**TASK STATEMENT**
Among the entries below, find the lines that contain the string "Prime". State only how many there are.
** Opening EXERCISE DATA block **
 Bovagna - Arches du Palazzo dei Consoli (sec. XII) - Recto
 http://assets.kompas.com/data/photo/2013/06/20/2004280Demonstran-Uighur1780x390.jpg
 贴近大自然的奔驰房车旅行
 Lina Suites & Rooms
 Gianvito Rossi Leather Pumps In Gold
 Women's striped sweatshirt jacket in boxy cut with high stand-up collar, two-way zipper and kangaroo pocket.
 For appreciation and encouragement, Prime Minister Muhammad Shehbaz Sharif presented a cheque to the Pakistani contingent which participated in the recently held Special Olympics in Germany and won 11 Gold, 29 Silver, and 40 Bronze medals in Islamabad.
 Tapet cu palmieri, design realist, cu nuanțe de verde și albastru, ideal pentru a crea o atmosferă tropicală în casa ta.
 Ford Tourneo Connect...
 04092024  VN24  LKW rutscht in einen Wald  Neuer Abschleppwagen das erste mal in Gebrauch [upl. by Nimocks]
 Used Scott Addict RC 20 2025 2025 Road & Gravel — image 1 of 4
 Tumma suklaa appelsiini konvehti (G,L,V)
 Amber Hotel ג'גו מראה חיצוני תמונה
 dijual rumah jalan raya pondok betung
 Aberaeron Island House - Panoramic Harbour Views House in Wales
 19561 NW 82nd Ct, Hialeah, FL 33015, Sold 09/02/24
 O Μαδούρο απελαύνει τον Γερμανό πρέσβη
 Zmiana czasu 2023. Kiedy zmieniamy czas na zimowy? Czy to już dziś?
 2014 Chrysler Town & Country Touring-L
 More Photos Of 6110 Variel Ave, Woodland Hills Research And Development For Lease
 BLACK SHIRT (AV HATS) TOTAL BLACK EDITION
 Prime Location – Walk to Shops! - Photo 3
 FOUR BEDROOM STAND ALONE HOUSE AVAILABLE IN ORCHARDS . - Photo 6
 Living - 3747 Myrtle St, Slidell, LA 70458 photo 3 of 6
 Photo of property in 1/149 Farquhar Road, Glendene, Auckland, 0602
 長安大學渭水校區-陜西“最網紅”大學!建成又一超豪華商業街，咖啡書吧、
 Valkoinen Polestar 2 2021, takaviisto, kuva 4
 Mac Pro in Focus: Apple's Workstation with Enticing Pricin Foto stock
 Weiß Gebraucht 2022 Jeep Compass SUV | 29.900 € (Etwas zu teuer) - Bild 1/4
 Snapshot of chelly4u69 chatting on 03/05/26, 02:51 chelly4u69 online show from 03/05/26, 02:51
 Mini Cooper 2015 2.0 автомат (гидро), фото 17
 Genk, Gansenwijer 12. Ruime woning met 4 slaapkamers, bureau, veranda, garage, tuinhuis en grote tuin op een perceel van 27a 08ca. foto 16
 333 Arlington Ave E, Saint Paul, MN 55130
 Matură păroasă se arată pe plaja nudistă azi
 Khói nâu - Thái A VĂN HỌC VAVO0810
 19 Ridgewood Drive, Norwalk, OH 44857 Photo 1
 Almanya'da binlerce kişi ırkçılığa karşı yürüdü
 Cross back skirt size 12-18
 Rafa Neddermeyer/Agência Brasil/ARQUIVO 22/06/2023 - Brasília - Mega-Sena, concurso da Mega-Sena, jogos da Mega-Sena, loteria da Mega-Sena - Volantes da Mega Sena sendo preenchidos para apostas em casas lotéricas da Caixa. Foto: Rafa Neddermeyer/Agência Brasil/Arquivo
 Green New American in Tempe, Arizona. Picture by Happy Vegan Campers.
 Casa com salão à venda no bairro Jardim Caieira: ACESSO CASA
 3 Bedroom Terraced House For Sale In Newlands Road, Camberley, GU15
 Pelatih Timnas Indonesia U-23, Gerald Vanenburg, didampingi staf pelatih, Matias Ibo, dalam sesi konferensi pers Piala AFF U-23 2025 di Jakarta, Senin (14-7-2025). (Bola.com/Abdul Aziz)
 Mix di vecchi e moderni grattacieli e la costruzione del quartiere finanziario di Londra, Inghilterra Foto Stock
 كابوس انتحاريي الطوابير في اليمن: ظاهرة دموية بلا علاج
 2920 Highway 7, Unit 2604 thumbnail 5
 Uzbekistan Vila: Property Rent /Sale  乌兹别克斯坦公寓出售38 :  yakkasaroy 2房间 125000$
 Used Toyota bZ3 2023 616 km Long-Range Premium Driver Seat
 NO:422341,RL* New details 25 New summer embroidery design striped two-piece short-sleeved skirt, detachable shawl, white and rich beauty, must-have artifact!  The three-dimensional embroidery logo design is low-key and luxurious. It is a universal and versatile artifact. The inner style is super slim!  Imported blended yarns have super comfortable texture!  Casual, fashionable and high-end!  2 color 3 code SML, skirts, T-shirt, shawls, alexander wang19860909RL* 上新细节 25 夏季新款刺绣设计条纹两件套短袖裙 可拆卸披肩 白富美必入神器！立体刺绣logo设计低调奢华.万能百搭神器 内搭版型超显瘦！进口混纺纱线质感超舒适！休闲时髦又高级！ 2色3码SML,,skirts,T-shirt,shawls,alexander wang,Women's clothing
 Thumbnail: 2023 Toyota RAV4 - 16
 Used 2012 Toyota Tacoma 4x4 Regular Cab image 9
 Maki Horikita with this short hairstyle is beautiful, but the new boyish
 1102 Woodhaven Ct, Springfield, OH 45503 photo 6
** Closing EXERCISE DATA block **
**RESULT OF THIS TASK**
2